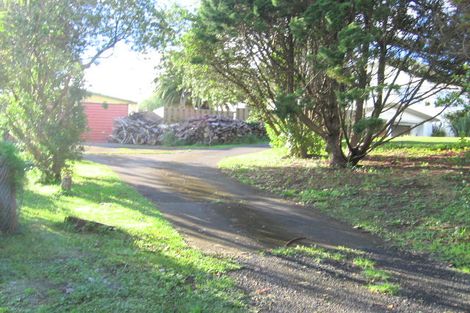 Photo of property in 106 Whangaparaoa Road, Red Beach, 0932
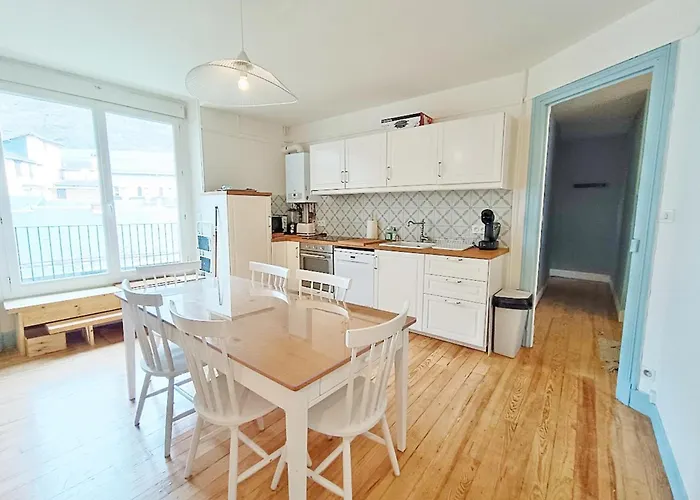 Alphonse 52, Grand T4, Terrasse, Wifi, 6 Personnes Appartement Bagnères-de-Luchon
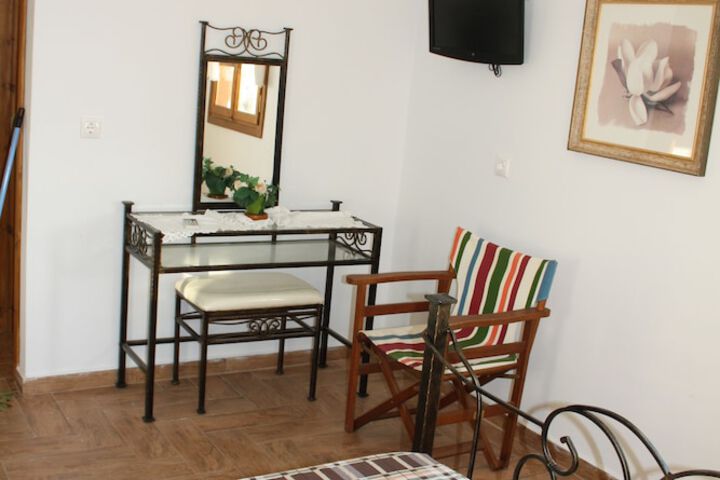 Room 3 of 58
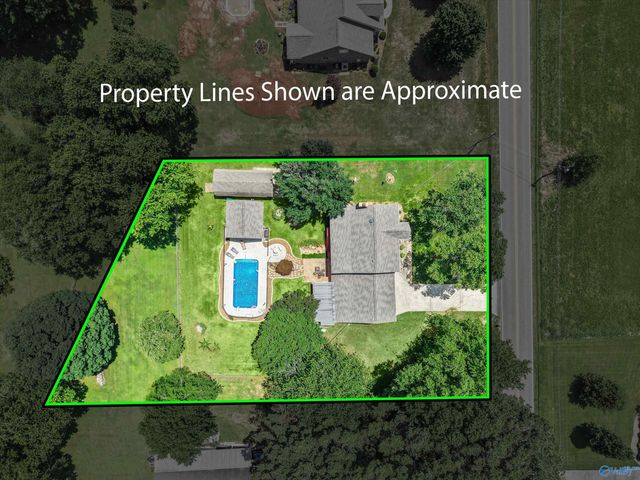 233 West Limestone Road, Hazel Green, AL 35750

- [The task]: Reproduce each line above precisely, with no pictures.

- [Result]:
 Photo of property in 106 Whangaparaoa Road, Red Beach, 0932
 Alphonse 52, Grand T4, Terrasse, Wifi, 6 Personnes Appartement Bagnères-de-Luchon
 Room 3 of 58
 233 West Limestone Road, Hazel Green, AL 35750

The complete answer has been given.